* [Your instructions]:
With the pictures left out, write out exactly the lines of the listing below that run from the line with "Snapshot of nami_white" through the line with "Công an xã Quảng".

* [Material provided]:
________________________________________

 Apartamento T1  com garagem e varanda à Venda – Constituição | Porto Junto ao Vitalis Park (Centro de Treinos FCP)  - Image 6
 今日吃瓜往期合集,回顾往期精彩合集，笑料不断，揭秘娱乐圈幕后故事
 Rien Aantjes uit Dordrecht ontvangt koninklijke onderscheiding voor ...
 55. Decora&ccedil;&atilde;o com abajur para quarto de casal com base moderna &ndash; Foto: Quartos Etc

________________________________________

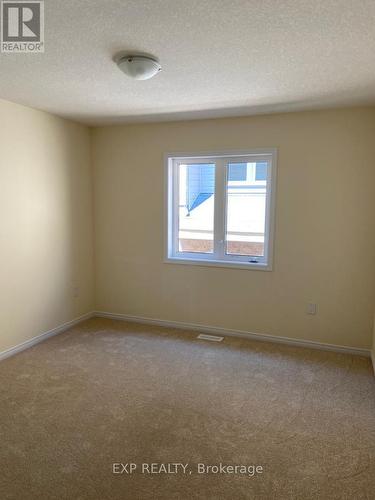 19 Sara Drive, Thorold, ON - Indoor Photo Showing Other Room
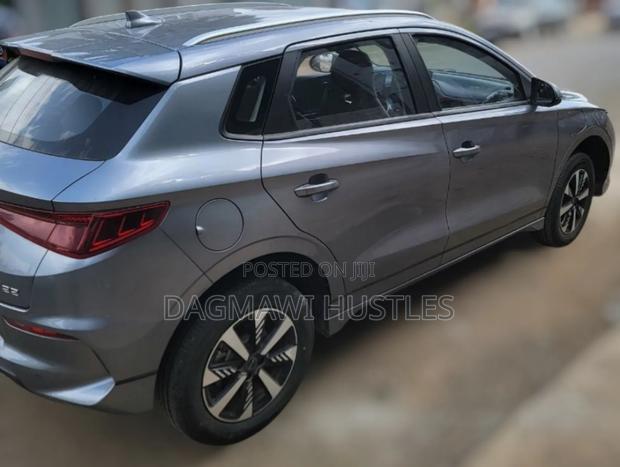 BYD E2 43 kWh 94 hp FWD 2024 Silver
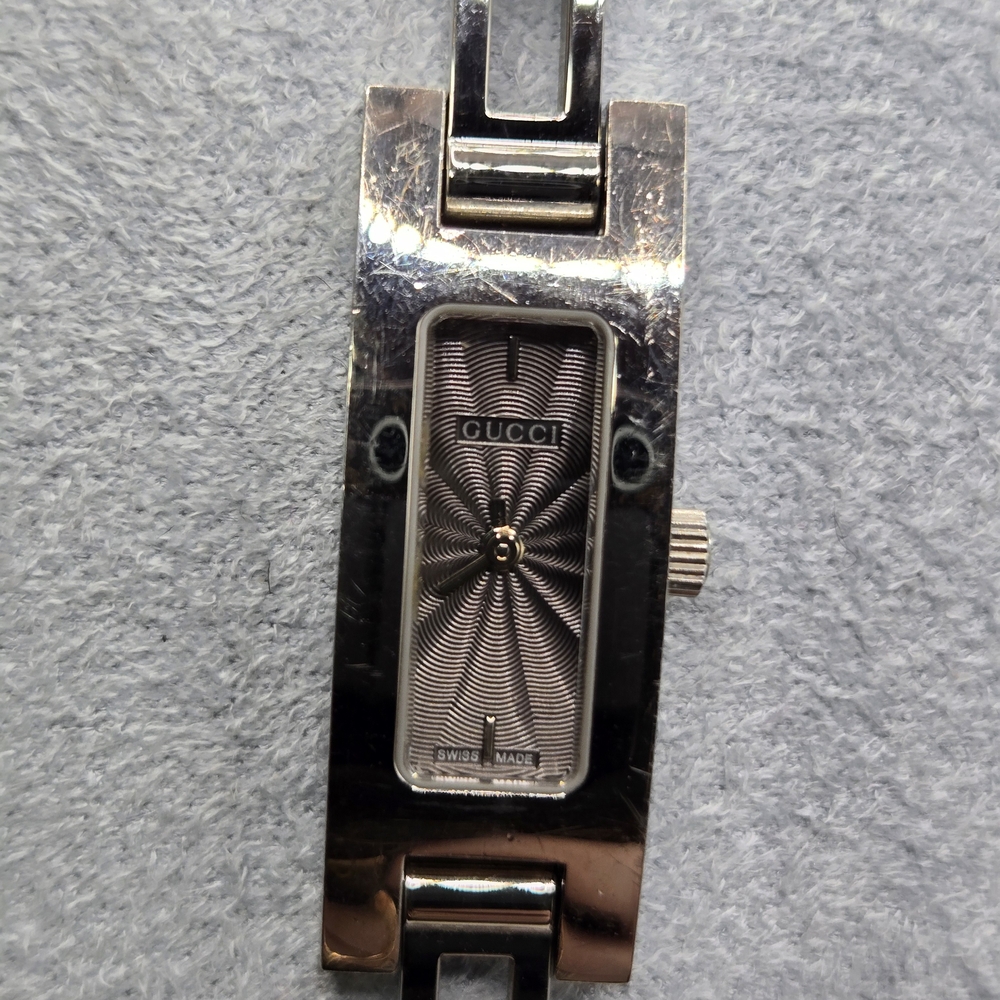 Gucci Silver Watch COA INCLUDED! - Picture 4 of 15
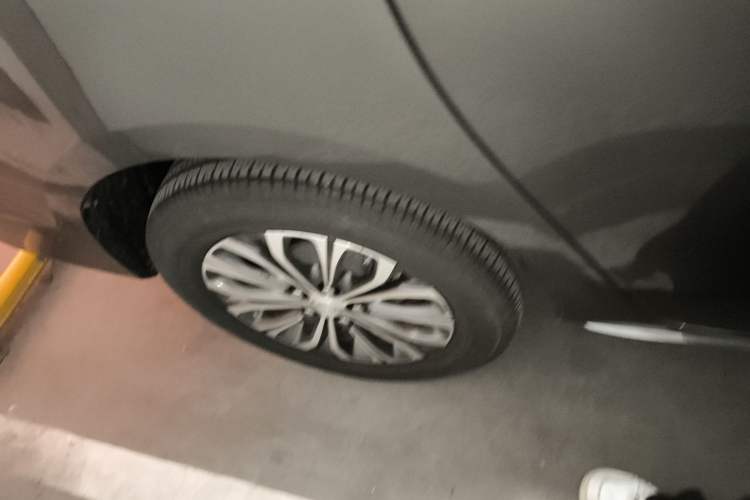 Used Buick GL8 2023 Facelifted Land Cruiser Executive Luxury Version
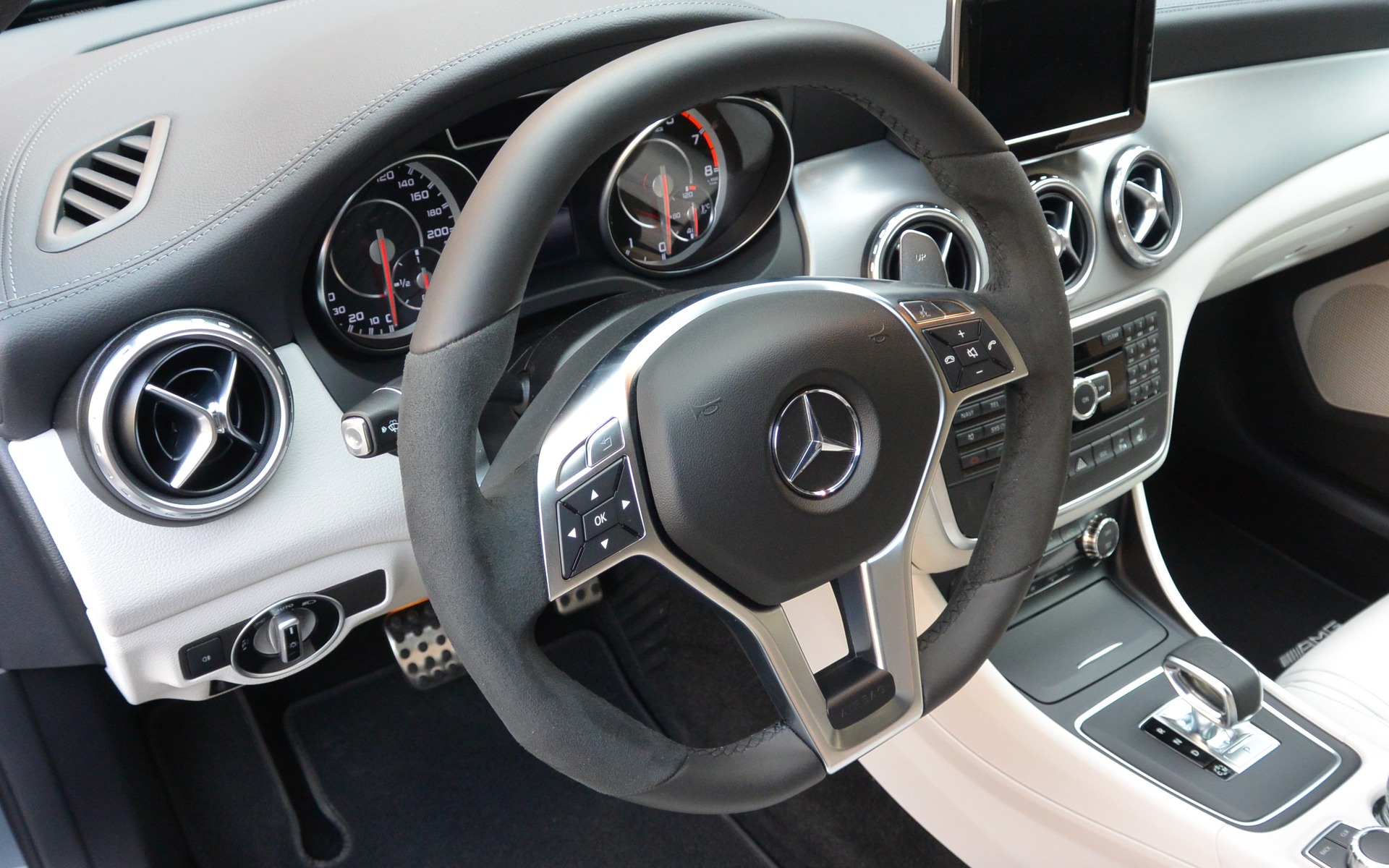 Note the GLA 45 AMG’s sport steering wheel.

________________________________________

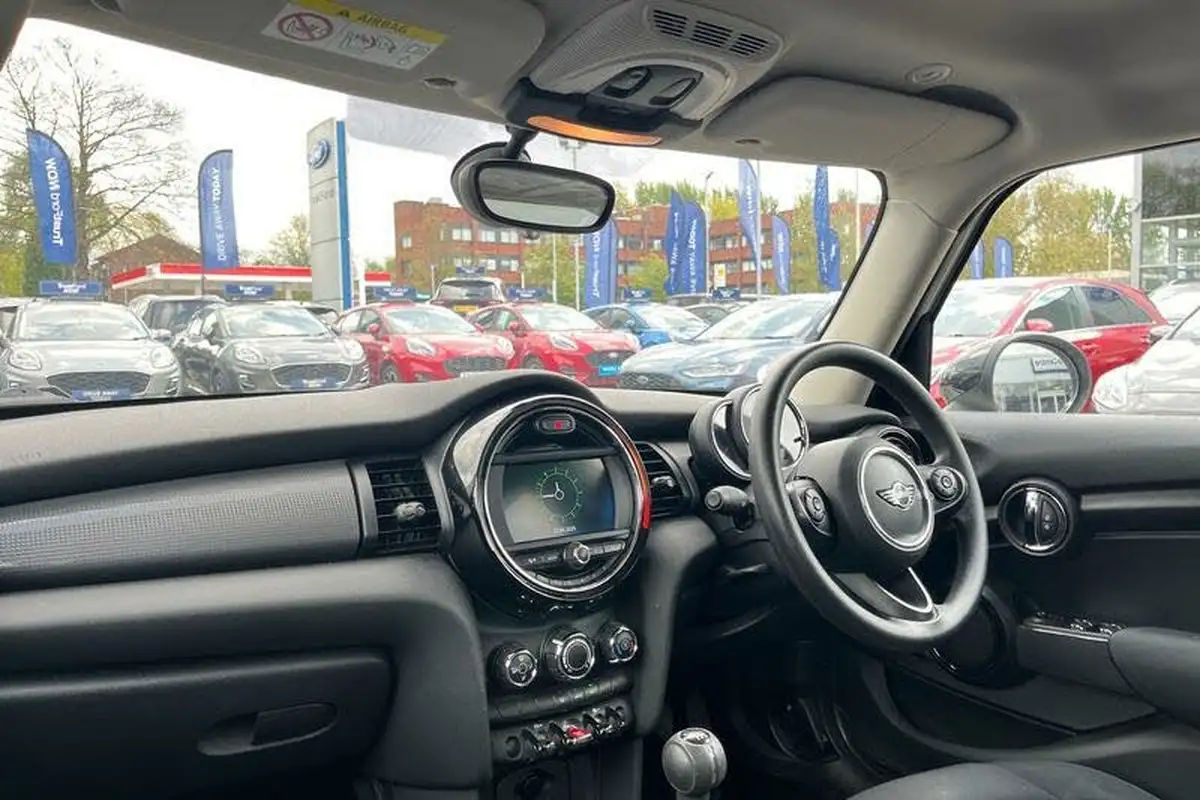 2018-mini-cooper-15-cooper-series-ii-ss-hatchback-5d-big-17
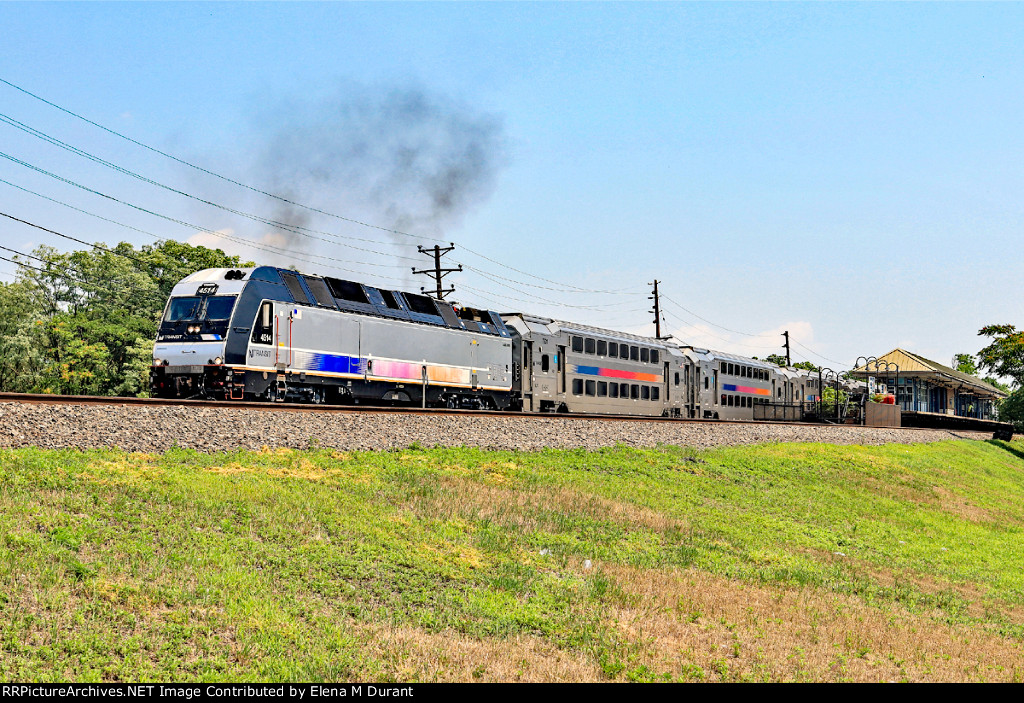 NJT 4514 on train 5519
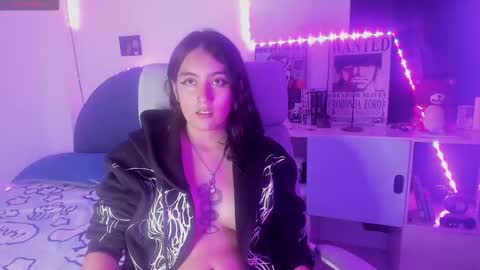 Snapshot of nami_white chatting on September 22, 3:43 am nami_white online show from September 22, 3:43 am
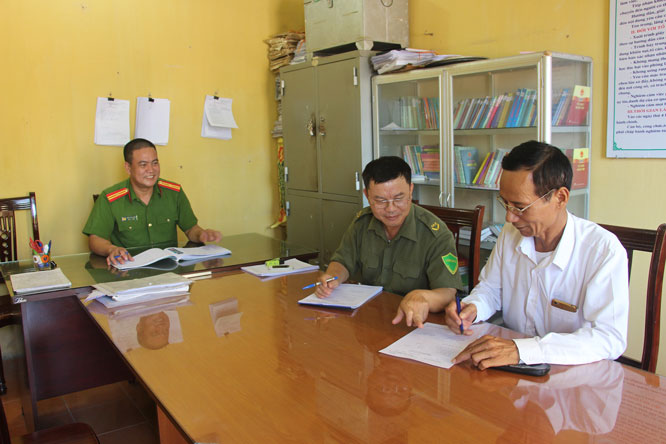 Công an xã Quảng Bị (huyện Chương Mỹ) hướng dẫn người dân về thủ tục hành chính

________________________________________

* [Solution]:
 Snapshot of nami_white chatting on September 22, 3:43 am nami_white online show from September 22, 3:43 am
 Công an xã Quảng Bị (huyện Chương Mỹ) hướng dẫn người dân về thủ tục hành chính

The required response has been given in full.